• [What is expected]
Your answer must be the data repeated exactly, with no pictures in it.

• [Dataset excerpts]

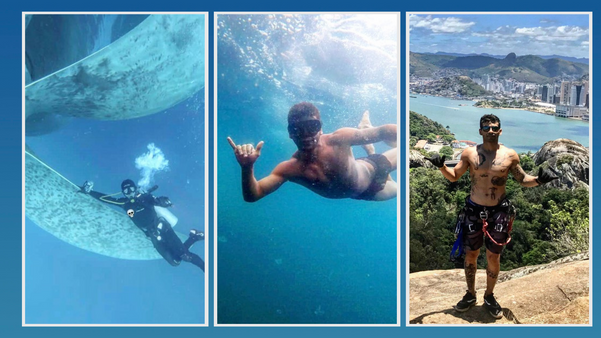 Bruno Borges, de 31 anos, o mergulhador profissional encontrado morto na Austrália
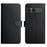 For Sony Xperia 10 VII Case Genuine Cow Leather Phone Cover Nappa Texture - Black - 1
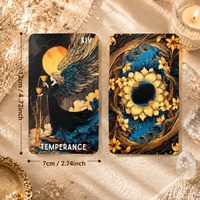 Cartes de tarot personnalisées en gros, jeu de 78 cartes avec guide, impression couleur 400G, coffret, OEM ODM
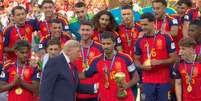 Presidente dos EUA, Donald Trump foi criticado por sua participa&ccedil;&atilde;o na final da Copa do Mundo 2026.  Foto: Reprodu&ccedil;&atilde;o/TV Globo / Purepeople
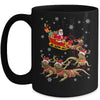 Funny Santa Riding Bearded Dragon Christmas For Reptile Love Mug | siriusteestore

• [Response]
 Bruno Borges, de 31 anos, o mergulhador profissional encontrado morto na Austrália
 For Sony Xperia 10 VII Case Genuine Cow Leather Phone Cover Nappa Texture - Black - 1
 Cartes de tarot personnalisées en gros, jeu de 78 cartes avec guide, impression couleur 400G, coffret, OEM ODM
 Presidente dos EUA, Donald Trump foi criticado por sua participa&ccedil;&atilde;o na final da Copa do Mundo 2026.  Foto: Reprodu&ccedil;&atilde;o/TV Globo / Purepeople
 Funny Santa Riding Bearded Dragon Christmas For Reptile Love Mug | siriusteestore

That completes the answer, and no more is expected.